Label encoding is useful when the labels are words, and you need to make them understandable for the machine learning algorithm.


In [27]:
label_encoder = preprocessing.LabelEncoder()

In [29]:
input_class = ['adidas','reebok','adidas','nike','reebok','skechers']

In [33]:
label_encoder.fit(input_class)
print("CLass Mapping: ")
for i, item in enumerate(label_encoder.classes_):
    print(item,"-->",i)

CLass Mapping: 
adidas --> 0
nike --> 1
reebok --> 2
skechers --> 3


In [41]:
labels =['reebok','skechers','nike']
encoded_labels = label_encoder.transform(labels)
print("Label =", labels)
print("Encoded Labels =", list(encoded_labels))

Label = ['reebok', 'skechers', 'nike']
Encoded Labels = [2, 3, 1]


In [43]:
encoded_labels = [2,1,0,3,1]
decoded_labels = label_encoder.inverse_transform(encoded_labels)
print("Encoded Labels =", encoded_labels)
print("Decoded Labels =", decoded_labels)

Encoded Labels = [2, 1, 0, 3, 1]
Decoded Labels = ['reebok' 'nike' 'adidas' 'skechers' 'nike']


## Label Encoding vs. One-Hot Encoding

### Label Encoding:
Label encoding is a method that transforms categorical data (like "apple", "banana", "cherry") into numbers. However, it can cause problems because it gives an order to the numbers (like 0, 1, 2), which may make the algorithm think that one label is "greater" or "less" than another. This can be an issue if the algorithm tries to do math with these numbers, which isn't appropriate for categories that don't have a natural order.

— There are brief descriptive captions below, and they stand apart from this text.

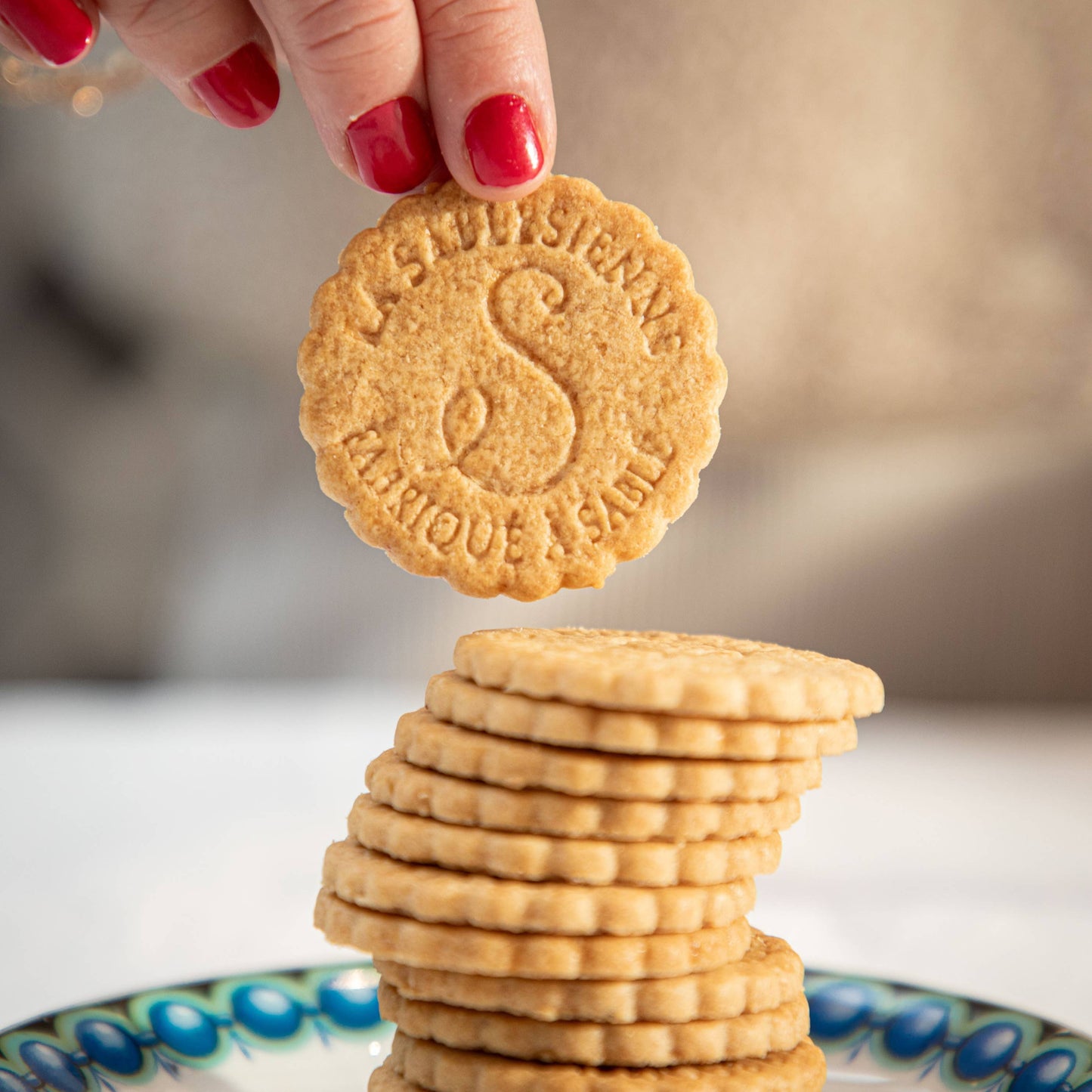 Hand holding a cookie above a stack of cookies on a decorative plate with a blurred background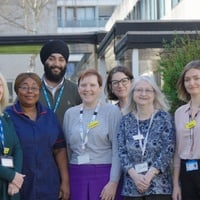 A group of six women and one man, most wearing hospital lanyards and one in a nurse's uniform, stand outside a building flanked by bushes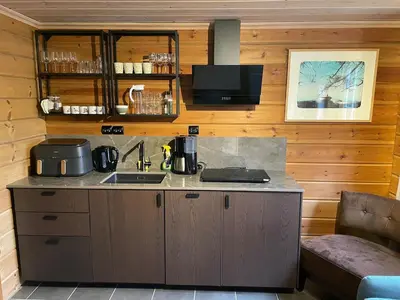 a kitchen with a counter and a sink in a room at Small cabin at Seljestad in Utsikten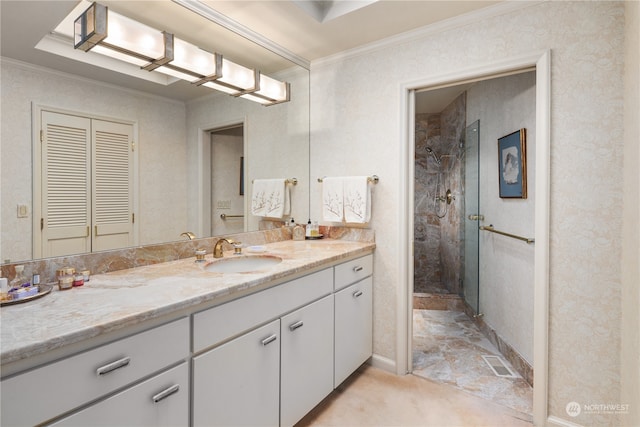 bathroom with vanity, ornamental molding, and tiled shower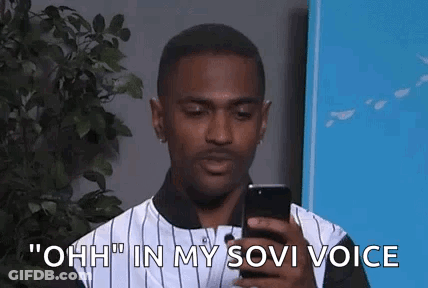 Man Holding Cell Phone Saying Ohh In Sovi Voice GIF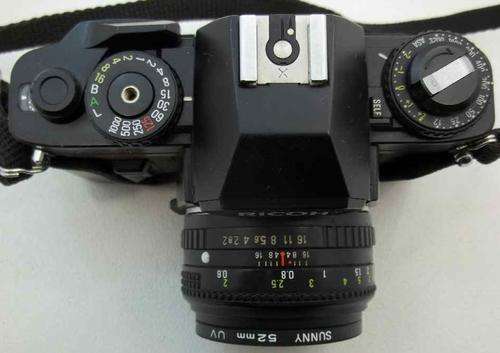 Ricoh A-100 Camera With Ricoh Rikenon 1:2 50mm And Sunny 52mm UV Filter
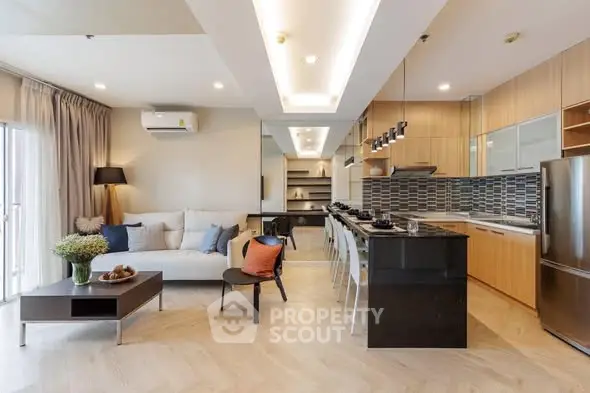 Spacious modern living room with open kitchen layout and stylish decor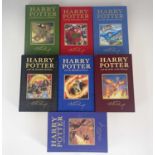 Rowling, J.K. Harry Potter, a set of seven deluxe cloth hardback edition volumes, including Harry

### Why One-Hot Encoding is Better:
One-hot encoding solves this problem by representing each category as a separate column with a binary value (0 or 1). This way, no order is implied, and each category is treated equally. It's like putting each category in its own "box."

### When to Use Label Encoding vs. One-Hot Encoding:
In most cases, you don't have to use label encoding, especially when the categories don't have a natural order (like "cat," "dog," or "apple"). Using label encoding can mistakenly give the model a sense of hierarchy or order between categories, which could lead to incorrect predictions or assumptions.

Instead, one-hot encoding is a better choice because it treats each category independently without implying any ranking or order. 

However, if your labels do have a meaningful order (like "low," "medium," "high"), then label encoding might be appropriate.

### In Summary:
- **Use one-hot encoding** for categorical data without any natural order.
- **Use label encoding** if the categories have a clear order or ranking.

### Advantages and Disadvantages:

- **Advantage:** One-hot encoding is **binary**, not ordinal, and the categories are completely separate in the data.
  
- **Disadvantage:** If you have many categories (high cardinality), the number of columns (or feature space) can become very large, which can make the data harder to manage.

### In short:
One-hot encoding is great for preventing problems caused by giving categories an order, but it can create a lot of new columns if there are many categories.